The Joint Committee on Bonding, Capital Expenditures and State Assets has amended Gov. Charlie Baker’s $9.7 billion transportation bond bill, known as MassTRAC, and referred it on June 13 to the House Committee on Ways and Means.

The committee’s amendments would:
• Require that not less than 33% of funding for Complete Streets grants be awarded to municipalities with a median household income below the state average
• Allow funding allocated to the MBTA to be used to electrify the commuter rail and water transportation infrastructure
• Pending appropriation, create a Dorchester Bay Transportation and Resiliency Commission and South Boston Waterfront Transportation Safety and Improvement Commission to study the transportation, resiliency, infrastructure and multimodal needs of the regional corridor of Morrissey Boulevard and the South Boston Waterfront

The MMA submitted written testimony in support of MassTRAC to the Transportation Committee for its hearing on April 12, and testified in support of the bill at a June 1 hearing with the Joint Committee on Bonding, Capital Expenditures and State Assets.
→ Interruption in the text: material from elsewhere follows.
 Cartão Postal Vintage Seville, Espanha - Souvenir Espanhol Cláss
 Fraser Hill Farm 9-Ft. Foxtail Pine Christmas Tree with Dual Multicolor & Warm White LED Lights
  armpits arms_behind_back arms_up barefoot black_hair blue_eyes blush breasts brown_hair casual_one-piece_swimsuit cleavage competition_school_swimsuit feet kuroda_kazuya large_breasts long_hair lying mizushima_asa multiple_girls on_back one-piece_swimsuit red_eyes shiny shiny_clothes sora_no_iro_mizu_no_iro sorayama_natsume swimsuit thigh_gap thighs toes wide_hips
The MMA supports the intent of the bill — to ensure that Massachusetts is well-positioned to access the historic federal investments available through the Bipartisan Infrastructure Law — as well as the proposed investment of $55 million for municipal grant programs, including Complete Streets, and $85 million for non-federally funded roads.
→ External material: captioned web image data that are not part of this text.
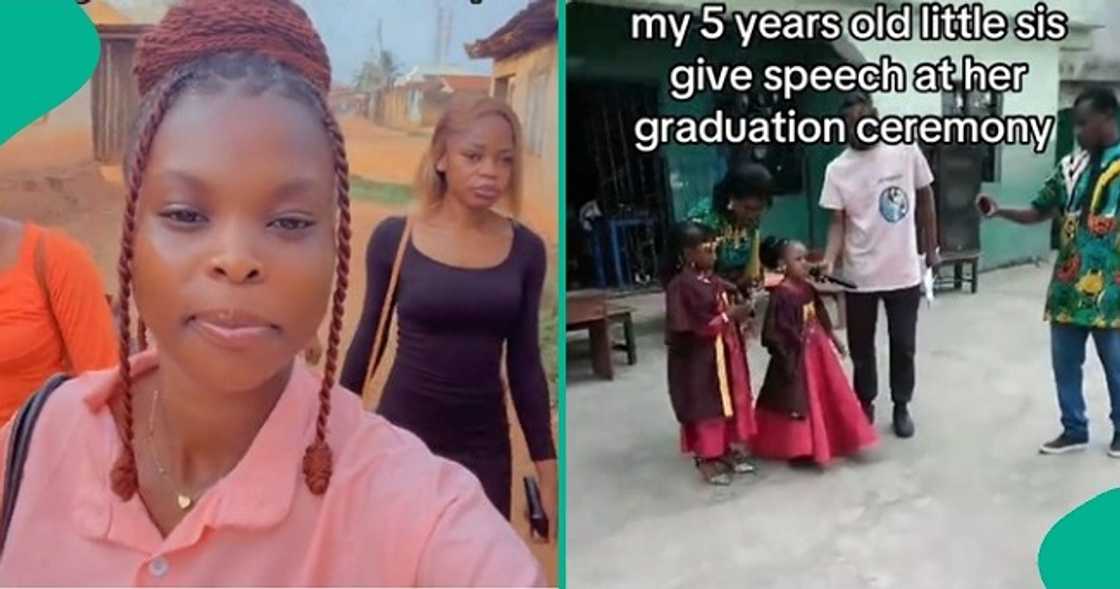 5-year-old girl stuns everyone with her 'big grammar' on graduation day. 5-year-old girl stuns everyone with her 'big grammar' on graduation day.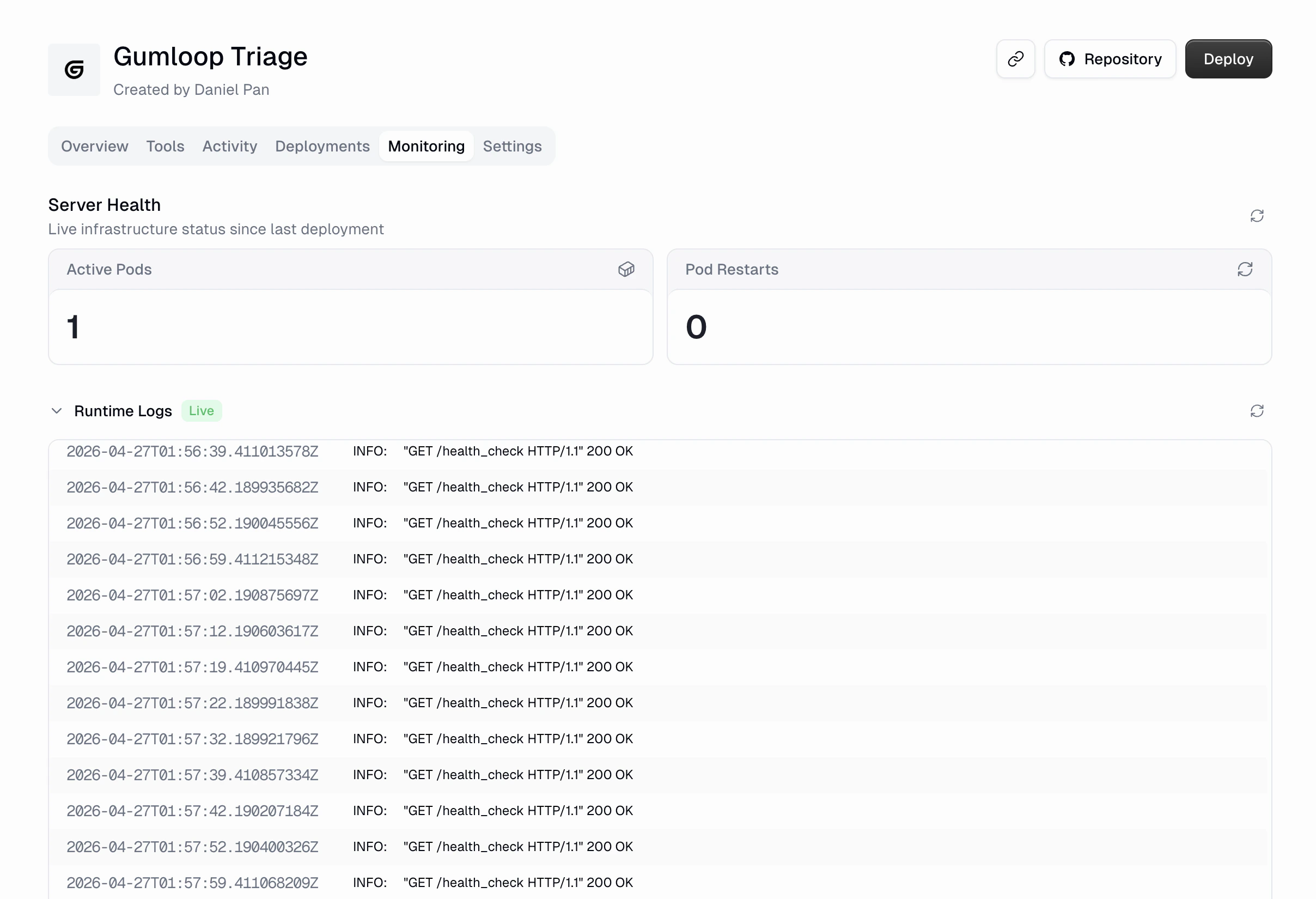 Monitoring tab showing Server Health with Active Pods count, Pod Restarts count, and live Runtime Logs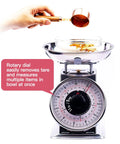 11Lb Analog Mechanical Kitchen Scale With Stainless Steel Bowl Tare Function Old School Retro Style Durable Dial Easy Clean Precise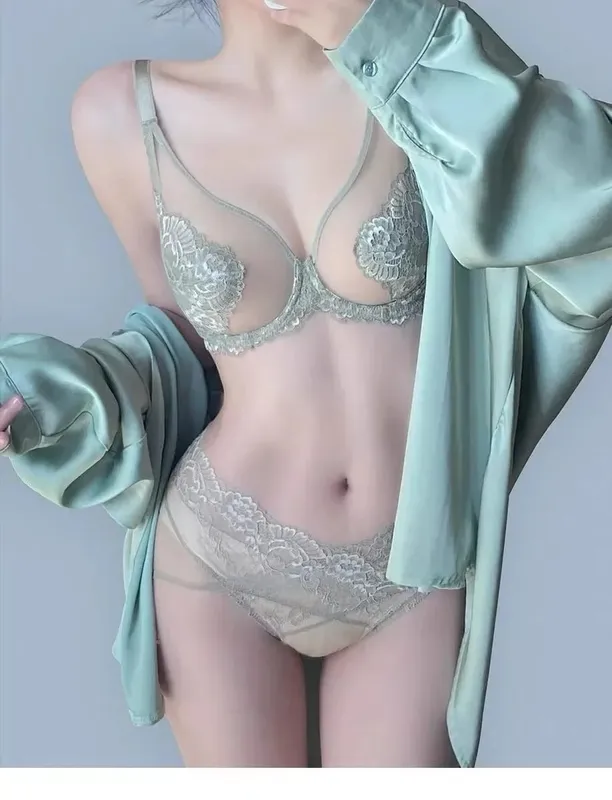 Pink Underwear for Women Thin Large Breasts Small Breasts Anti-drooping Ultra-thin Bra. Bra Set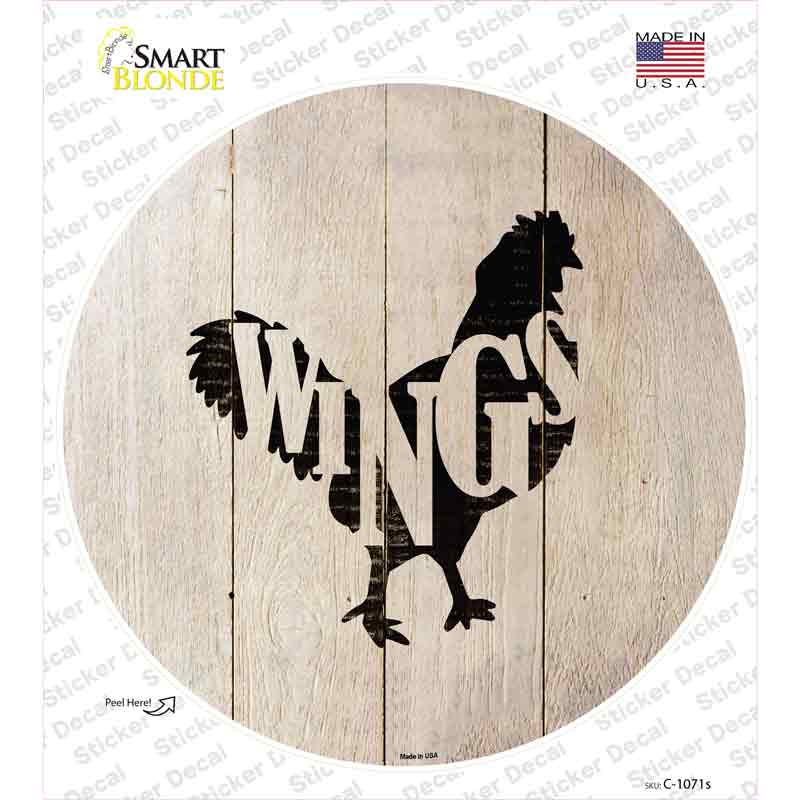 C-1071s-M Chickens Make Wings Novelty Circle Sticker Decal - Medium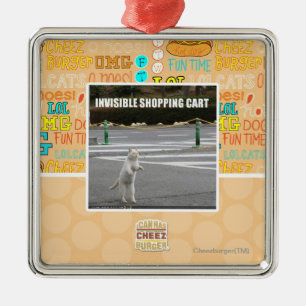 ORNEMENT CARRÉ ARGENTÉ CADDIE INVISIBLE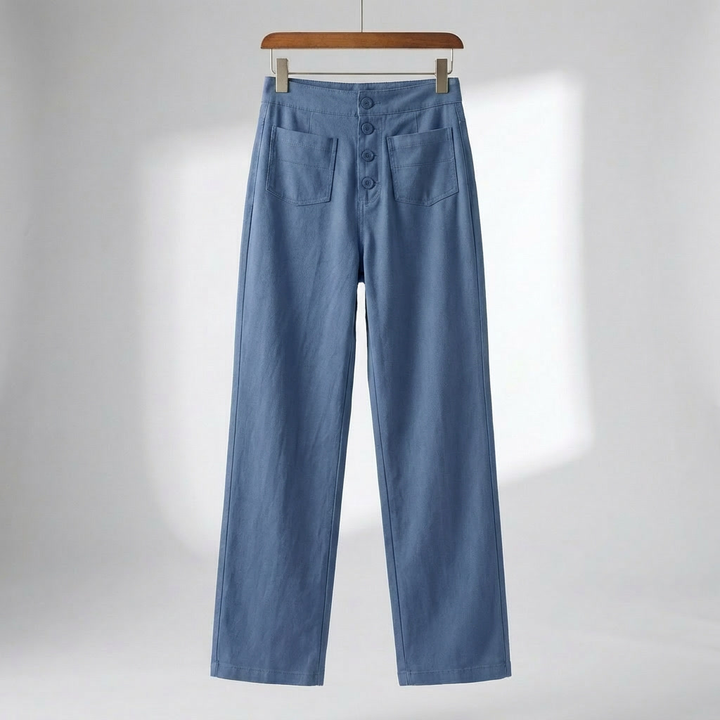 Pantalones de Pierna Recta de Cintura Alta para Mujeres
The bill, filed by the governor on March 17, would invest in existing state programs and make authorizations for required state matches to compete for and capitalize on investment opportunities provided by the $1.2 trillion Bipartisan Infrastructure Law. The BIL provides discretionary funding through formula-based allocations and more than $110 billion in competitive grants to be overseen by the U.S. Department of Transportation and dispersed over five years.

MassTRAC includes:
• $2.85 billion in BIL-related authorizations for formula-based funding
• $3.55 billion in BIL-related authorizations for discretionary grants
• $3.3 billion in non-BIL authorizations for capital investment programs

The administration says the spending would be used to modernize the state’s transportation system, with a focus on transportation network improvements and infrastructure geared toward climate change mitigation, resiliency, equity and safety for all users, particularly cyclists and pedestrians. Investments would include improvements to non-interstate highways; funding for several municipal grant programs, including Complete Streets, the Municipal Small Bridge Program, the Municipal Pavement Program, and Shared Streets and Spaces; modernization of the MBTA; support for regional transit authorities; grants for electric vehicle charging infrastructure; and funding for transportation management associations.

The bill has not yet come before the full House or Senate for a vote, but is expected to be taken up before the end of the current legislative session on July 31.